■ ABOUT THIS EXERCISE ■
Copy every line in the records below that contains the word "Group".

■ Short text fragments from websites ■
--- START ---

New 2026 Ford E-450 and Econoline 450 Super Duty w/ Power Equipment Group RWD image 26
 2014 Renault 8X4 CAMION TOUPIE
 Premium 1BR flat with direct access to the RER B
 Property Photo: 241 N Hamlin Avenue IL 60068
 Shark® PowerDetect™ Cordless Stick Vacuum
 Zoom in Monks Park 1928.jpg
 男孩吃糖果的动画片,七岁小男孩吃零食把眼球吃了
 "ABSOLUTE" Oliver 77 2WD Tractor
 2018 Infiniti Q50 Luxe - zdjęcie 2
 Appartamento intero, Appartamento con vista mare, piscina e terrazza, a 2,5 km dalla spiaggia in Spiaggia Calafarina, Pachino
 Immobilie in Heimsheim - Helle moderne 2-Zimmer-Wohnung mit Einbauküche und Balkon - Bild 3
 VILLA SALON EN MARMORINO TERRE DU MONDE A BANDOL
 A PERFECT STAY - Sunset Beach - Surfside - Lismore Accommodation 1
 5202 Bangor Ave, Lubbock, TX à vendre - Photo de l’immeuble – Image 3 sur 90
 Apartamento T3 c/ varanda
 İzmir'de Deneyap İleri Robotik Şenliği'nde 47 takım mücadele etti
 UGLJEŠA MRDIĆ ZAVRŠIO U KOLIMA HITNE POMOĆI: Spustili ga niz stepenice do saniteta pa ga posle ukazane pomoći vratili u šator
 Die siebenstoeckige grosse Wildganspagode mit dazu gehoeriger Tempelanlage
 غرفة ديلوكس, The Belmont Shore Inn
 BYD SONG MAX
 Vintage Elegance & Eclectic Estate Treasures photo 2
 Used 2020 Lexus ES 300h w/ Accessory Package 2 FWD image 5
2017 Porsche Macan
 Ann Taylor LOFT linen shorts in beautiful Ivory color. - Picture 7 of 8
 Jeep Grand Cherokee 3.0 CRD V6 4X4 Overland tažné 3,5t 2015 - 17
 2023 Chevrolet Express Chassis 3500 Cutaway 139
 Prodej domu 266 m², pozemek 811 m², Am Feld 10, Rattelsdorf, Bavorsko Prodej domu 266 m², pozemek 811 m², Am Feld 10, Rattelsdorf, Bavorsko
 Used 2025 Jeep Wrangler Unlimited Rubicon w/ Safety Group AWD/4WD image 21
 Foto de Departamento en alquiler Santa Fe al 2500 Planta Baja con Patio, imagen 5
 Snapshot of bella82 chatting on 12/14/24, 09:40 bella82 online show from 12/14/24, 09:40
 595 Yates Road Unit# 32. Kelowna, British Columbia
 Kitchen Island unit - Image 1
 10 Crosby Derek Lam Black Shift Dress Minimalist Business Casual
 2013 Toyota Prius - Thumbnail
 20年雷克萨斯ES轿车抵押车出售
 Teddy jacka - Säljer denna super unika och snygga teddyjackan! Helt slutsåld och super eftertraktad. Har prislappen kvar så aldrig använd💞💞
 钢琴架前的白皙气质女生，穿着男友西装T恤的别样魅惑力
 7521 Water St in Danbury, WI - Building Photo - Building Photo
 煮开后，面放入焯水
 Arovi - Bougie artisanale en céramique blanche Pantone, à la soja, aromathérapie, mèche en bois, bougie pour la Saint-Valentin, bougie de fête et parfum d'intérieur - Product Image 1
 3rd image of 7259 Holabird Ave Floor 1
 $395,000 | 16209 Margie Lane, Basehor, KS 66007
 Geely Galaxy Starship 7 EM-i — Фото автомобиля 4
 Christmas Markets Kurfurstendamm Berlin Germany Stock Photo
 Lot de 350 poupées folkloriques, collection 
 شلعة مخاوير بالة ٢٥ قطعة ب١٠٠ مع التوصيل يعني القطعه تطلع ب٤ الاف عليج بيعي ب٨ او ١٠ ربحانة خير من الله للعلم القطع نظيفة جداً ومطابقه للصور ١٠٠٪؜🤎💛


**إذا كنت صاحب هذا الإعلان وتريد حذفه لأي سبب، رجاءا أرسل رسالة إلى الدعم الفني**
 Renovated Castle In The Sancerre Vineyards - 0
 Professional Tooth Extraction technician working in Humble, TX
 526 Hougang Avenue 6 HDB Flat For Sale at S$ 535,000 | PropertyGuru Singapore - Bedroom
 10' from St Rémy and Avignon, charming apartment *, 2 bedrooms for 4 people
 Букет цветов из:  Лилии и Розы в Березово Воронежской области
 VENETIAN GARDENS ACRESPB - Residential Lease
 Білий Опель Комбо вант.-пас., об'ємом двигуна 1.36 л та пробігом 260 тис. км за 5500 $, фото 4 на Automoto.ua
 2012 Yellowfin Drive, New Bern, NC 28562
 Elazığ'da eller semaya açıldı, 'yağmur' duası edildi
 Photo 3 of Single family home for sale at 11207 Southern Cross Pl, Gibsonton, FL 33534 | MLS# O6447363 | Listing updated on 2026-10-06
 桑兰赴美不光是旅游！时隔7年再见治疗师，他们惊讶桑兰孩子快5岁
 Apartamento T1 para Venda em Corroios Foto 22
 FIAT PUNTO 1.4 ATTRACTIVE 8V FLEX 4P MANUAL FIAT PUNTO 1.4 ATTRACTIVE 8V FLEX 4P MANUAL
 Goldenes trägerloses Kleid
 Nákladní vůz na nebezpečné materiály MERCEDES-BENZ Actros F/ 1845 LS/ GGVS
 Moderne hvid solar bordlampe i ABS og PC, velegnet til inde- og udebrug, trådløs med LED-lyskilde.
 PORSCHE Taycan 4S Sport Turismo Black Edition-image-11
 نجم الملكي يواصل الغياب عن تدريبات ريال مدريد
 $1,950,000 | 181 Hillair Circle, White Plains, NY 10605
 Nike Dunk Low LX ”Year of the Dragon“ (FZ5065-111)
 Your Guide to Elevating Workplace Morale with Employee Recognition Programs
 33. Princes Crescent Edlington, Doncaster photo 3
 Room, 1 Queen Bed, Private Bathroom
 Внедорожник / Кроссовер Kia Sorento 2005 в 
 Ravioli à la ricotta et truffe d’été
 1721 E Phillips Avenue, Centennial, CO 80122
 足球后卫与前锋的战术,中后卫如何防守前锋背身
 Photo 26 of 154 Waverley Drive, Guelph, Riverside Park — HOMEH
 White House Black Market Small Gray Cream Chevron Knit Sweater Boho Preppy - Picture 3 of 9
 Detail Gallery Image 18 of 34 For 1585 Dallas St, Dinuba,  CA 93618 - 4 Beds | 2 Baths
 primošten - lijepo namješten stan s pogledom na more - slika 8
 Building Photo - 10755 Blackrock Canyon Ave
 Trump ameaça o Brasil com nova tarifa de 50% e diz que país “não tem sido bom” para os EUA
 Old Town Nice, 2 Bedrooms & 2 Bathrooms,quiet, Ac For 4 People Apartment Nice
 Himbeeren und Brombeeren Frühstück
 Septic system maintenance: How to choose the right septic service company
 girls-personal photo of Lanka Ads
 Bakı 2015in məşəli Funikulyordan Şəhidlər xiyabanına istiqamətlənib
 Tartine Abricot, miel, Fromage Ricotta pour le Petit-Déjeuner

--- END ---

■ YOUR SOLUTION ■
New 2026 Ford E-450 and Econoline 450 Super Duty w/ Power Equipment Group RWD image 26
 Used 2025 Jeep Wrangler Unlimited Rubicon w/ Safety Group AWD/4WD image 21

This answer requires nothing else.